Lord of the Dance
Current inter-county football structures are stale and flawed
Sport

Current inter-county football structures are stale and flawed

WHATEVER way you look at this weekend’s final round of Allianz Football League games, there are more angles than a compass, with enough gala fixtures to call it a footballing fiesta.

Across the four divisions, 20 teams still have something to play for- between trying to secure promotion or avoid relegation. Some of that drama is perfectly encapsulated by Sunday’s Tyrone-Kerry clash in Omagh, where, unless relegation is decided by head-to-heads, the loser could go down.

On the otherhand, you could look at the final round of matches in another light. Division 2 alone is a minefield, where all eight teams are playing for something. Yet between the combined marquee games in Divisions 1 and 2, the next time there will be a similar gala line-up (barring a serious quirk during the summer) will be the All-Ireland quarter-finals on August Bank Holiday weekend - unofficially regarded as the football championship’s real starting point.

So what happens between now and then for the majority of football teams? What is it all really for? For many counties, the league is their most measurable form of progression. For a lot of counties, the league is far more important than the championship because it is a far more accurate barometer. That applies to every team in Division 4, and the majority of teams in Division 3, with the exception of Armagh.

Longford are already promoted in Division 4. They will be joined by Offaly if they defeat Antrim on Sunday. That would set up a Division 4 league final meeting just three weeks before Longford and Offaly are due to meet in the championship- the prize for the winners being a Leinster quarter-final against Dublin on May 31. After they get steamrolled- which is more than likely to happen- what will be next?

The qualifiers have lost their lustre. The old novelty, where a team could get a decent draw and embark on a run, are gone. Fifteen of the 16 teams from Divisions 3 and 4 last season were eliminated before Round 4 of the qualifiers - Tipperary being the only exception. Clare narrowly lost to Kildare in Round 3, but a lot of the teams limped out of the championship. Apart from being out of their depth against stronger counties, it is understandable why some didn’t go that step further. Deep down, does it really matter between making the last 24 and the last 16? Doesn’t that kind of apathy in high summer, which is fuelled by a lack of hope more than ambition, run completely counter to the professionalism and commitment required from most county panels?

The profile of the league is mostly bound up in Division 1, even though the priority for all those teams is not to get relegated, as opposed to winning the competition. The current Division 1 is better, and far more competitive, than three of the four provincial championships. There will always be elite players and teams in every sport, but the current format is in marked contrast to the old system of Division 1A and 1B, which had 16 teams in the mix and interesting possibilities.

For seven years in a row before the system was altered in 2008, Sligo, Cavan, Roscommon, Fermanagh, Laois, Limerick, Wexford, and Kildare all reached Division One semi-finals.
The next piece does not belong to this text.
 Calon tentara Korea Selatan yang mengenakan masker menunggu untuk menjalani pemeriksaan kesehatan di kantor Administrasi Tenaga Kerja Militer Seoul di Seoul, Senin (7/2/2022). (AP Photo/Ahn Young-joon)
Football was far more democratic back then, but those counties’ prospects were enhanced at the time by the pathway to the league big-time through Division 1B.
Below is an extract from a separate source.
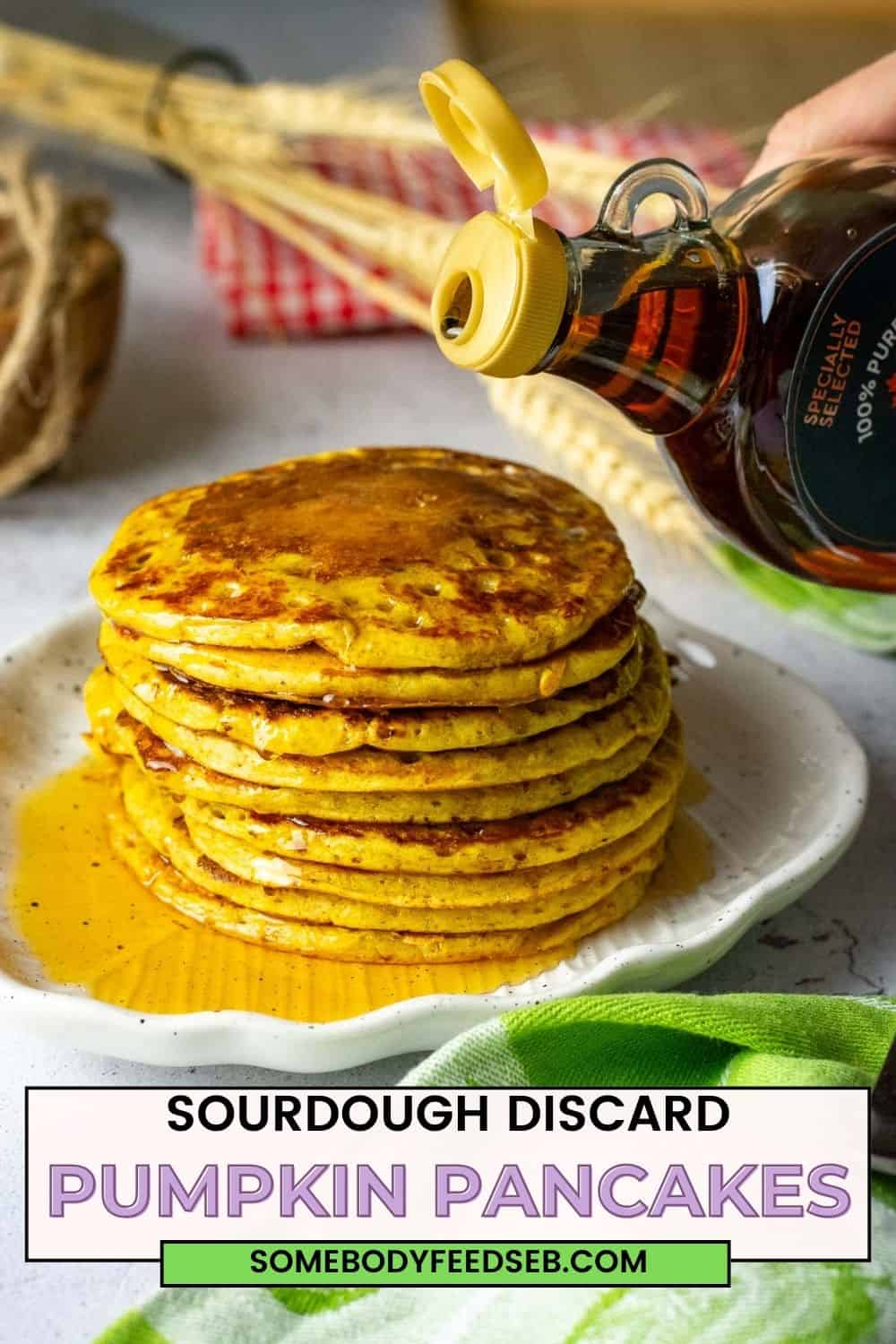 Maple syrup being poured on a stack of pumpkin sourdough pancakes. Pin for Pinterest.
Even some of the Division One teams will admit now to an element of “staleness” about the same fixtures every year. More sides are afflicted by the same issues that now exist in Division 1A of the hurling league; the manic competitiveness of the competition doesn’t allow for trying out as many new players as ideally preferred, primarily because managers are constantly looking over their shoulder, or just desperately trying to get enough points in the bag to stave off relegation.

Although the football league is condensed into a tight timeframe, which is further complicated by the U-21 championships and third level competitions, the league at least provides a programme of games, which most players are crying out for.

The league will always hold a certain place in the psyche of the GAA public compared to the championship, but the competition also showcases an equality which doesn’t exist in the current championship format. Compared with other provinces, Donegal and Tyrone’s projected path through Ulster this summer looks like a tightrope walk over a minefield while carrying a horse.

The football championship is crying out for change, but the Football Review Committee’s (FRC) motion that the provincial championships begin with eight teams in each province was lost last year. The FRC accepted that trying to radically overhaul the system wouldn’t work, but a more conventional compromise wasn’t even entertained.

A Champions League format for championship runs the risk of meaningless games as the competition progresses, but the current inter-county structures are stale and flawed. Each team needs an equal distribution of games. Some counties are barely surviving. The structures are even more inequitable and unsustainable when they are dictating so much to club fixtures, which is fostering huge apathy and enmity at club level.

The league will always be the league. The championship will always be the championship. A provincial title remains the main target for so many counties. Yet the fare on show, and what’s at stake for so many teams this weekend, still offers the example and potential of a better, and more equitable, championship system than is currently in place.